[ENTRIES SUPPLIED]
<<<<

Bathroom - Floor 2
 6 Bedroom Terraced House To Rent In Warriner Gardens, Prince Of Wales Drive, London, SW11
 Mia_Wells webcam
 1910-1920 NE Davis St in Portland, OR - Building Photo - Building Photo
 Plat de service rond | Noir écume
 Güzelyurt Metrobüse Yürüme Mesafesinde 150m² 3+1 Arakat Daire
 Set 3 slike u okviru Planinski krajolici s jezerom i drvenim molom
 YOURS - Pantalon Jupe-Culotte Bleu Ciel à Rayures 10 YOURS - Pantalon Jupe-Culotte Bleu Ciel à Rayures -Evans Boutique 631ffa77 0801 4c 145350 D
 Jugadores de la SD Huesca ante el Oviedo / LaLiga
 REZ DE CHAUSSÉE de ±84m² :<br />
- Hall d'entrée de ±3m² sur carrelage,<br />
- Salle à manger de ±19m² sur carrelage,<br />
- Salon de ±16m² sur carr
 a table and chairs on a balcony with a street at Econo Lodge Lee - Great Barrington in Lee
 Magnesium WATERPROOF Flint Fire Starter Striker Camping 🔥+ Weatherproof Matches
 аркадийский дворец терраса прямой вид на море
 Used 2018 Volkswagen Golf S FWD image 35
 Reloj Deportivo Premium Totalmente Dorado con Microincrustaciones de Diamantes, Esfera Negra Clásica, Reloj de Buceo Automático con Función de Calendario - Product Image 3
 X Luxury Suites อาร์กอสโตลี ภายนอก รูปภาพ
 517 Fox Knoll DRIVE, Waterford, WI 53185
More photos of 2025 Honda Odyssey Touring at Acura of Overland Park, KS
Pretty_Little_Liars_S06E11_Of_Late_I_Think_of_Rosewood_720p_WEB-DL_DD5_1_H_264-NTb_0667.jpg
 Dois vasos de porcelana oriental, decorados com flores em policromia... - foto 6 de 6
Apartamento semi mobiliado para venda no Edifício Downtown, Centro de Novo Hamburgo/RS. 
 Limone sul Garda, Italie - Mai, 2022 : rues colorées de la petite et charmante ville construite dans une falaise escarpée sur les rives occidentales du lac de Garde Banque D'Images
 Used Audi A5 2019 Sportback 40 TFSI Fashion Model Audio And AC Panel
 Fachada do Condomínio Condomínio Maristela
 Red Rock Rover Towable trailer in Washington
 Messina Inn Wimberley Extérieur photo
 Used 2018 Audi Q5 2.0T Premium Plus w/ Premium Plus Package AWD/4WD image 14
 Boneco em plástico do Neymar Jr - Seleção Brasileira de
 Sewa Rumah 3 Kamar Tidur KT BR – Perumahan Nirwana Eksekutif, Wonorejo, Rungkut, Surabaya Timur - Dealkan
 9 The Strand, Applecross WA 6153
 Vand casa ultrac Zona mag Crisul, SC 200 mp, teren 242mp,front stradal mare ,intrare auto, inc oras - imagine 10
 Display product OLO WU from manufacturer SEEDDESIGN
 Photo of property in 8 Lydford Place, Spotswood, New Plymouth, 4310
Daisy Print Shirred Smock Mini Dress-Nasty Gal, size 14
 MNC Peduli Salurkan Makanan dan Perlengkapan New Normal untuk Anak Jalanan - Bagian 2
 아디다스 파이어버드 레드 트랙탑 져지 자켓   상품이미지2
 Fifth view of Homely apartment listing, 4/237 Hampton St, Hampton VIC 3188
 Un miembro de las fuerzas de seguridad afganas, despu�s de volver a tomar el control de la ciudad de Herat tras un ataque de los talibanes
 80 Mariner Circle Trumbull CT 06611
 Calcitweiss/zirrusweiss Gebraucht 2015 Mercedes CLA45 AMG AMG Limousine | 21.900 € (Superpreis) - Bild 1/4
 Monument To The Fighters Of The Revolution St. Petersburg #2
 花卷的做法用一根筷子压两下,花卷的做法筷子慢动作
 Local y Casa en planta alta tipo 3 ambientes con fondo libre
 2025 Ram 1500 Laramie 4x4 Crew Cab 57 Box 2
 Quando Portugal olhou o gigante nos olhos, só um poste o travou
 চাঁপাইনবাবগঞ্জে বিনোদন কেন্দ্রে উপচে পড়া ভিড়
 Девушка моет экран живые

>>>>

[EXERCISE PROMPT] Please, from the material above, copy only the lines from the line with "Limone sul Garda, Italie" up to and including the line with "Messina Inn Wimberley Extérieur photo", exactly as written.

[RESPONSE TO THE TASK]
 Limone sul Garda, Italie - Mai, 2022 : rues colorées de la petite et charmante ville construite dans une falaise escarpée sur les rives occidentales du lac de Garde Banque D'Images
 Used Audi A5 2019 Sportback 40 TFSI Fashion Model Audio And AC Panel
 Fachada do Condomínio Condomínio Maristela
 Red Rock Rover Towable trailer in Washington
 Messina Inn Wimberley Extérieur photo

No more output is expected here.